The Future Takes Flight at DU
Research institute creating new technology for UAVs
Imagine walking on the University of Denver campus and seeing an unmanned aerial vehicle (UAV) carrying multiple packages for delivery. Or perhaps strolling through downtown Denver and seeing that same UAV as part of a Hollywood movie shoot. Research under way at DU’s Unmanned Systems Research Institute (DU2SRI) aims to make what once might have seemed like a dream become a reality.
Led by research scientist Kostas Kanistras, the institute in the Daniel Felix Ritchie School of Engineering and Computer Science is attempting to improve UAV technology by allowing for shorter takeoffs, all while increasing payload and overall flight times. With help from undergraduate and graduate students, Kanistras has enhanced the lift of the aircraft using a technique called “circulation control.” The air intake in the belly of the aircraft circulates the wind to the trailing edge of wings, which improves the aerodynamics and overall performance.
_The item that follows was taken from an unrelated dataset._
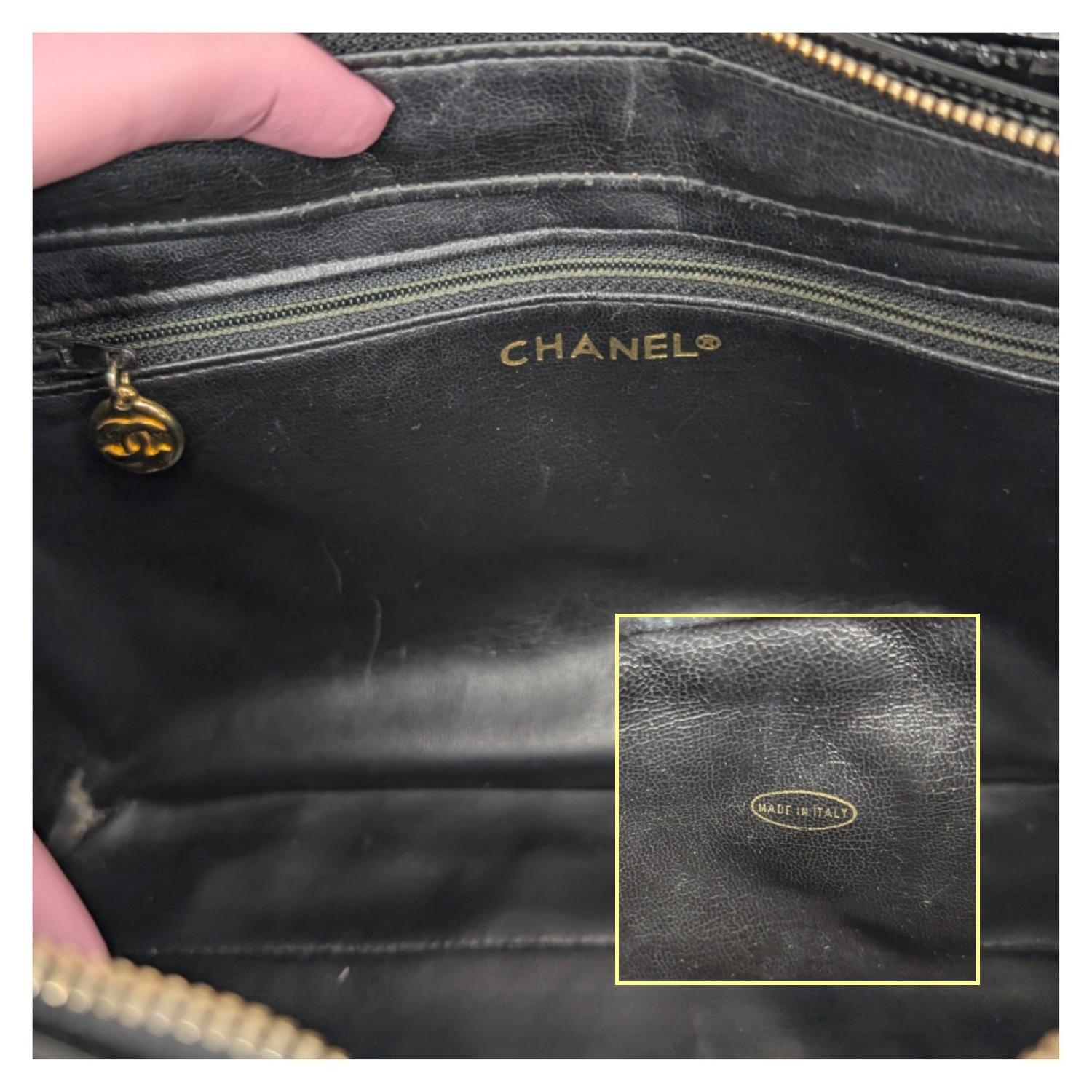 Chanel Vintage Patent Quilted CC Chain Tote en vente 7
“Enhancing the lift capability of an aircraft allows you to take off from the ground faster; you can carry more payload and actually change the aerodynamic efficiency of an aircraft,” Kanistras explains. “This allows you to burn less fuel or use less battery, so you can have cheaper and greener flights.”
Kanistras started his research from scratch five years ago when he came to DU as a PhD student. Professor Kimon Valavanis, director of research and innovation in the Department of Electrical and Computer Engineering, and Matt Rutherford, associate professor in the Department of Computer Science, served as Kanistras’ advisors. They encouraged him to introduce his idea, design the wings, conduct simulations, build and test the wings in a wind tunnel, build a full-scale model of the wings and finally test fly it.
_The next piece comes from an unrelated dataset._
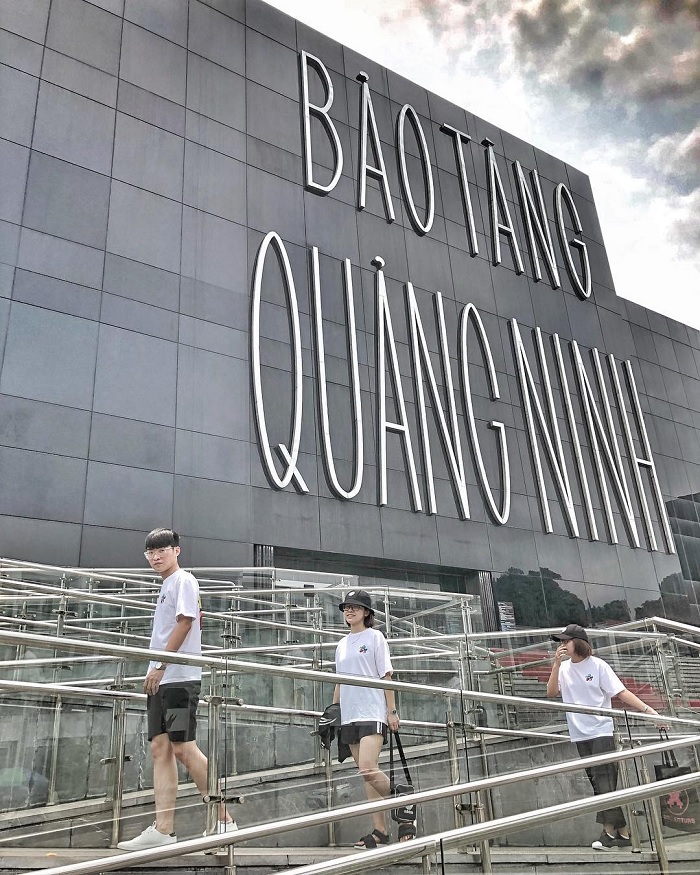 Chi phí du lịch Hạ Long chi tiết nhất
“I got all the freedom that I wanted to work on this project,” Kanistras says. “I got full support from my advisors — and this has been the secret to success. I did exactly what I loved and what I liked, and this is where it brought me.”
This work at DU2SRI has never been done on this scale. NASA has done extensive research on circulation control, but never with smaller aircrafts.
“You do all the hard work in the lab, and when it all comes together — the hardware and software — and you can see it flying, that is really the exciting part of all of it,” says Mohammed Agha, a master’s student in mechatronics engineering. “Without the real flight data, I can’t later do the data processing in the lab.”
Researchers hope the results gathered from flight tests will allow them to take their work a step further. Their ultimate goal is to be able to program an aircraft to perform multiple tasks, and if needed, change the mission of the aircraft while it is in flight.
“What makes our design important is that we are not only optimizing it for one specific application, we are optimizing the aircraft to be able to be applied for different tasks,” Kanistras says. “When we are out there flying the UAVs, it’s exciting to apply the work we have done in the lab, and it’s encouraging to see everything working as it was supposed to according to your calculations.”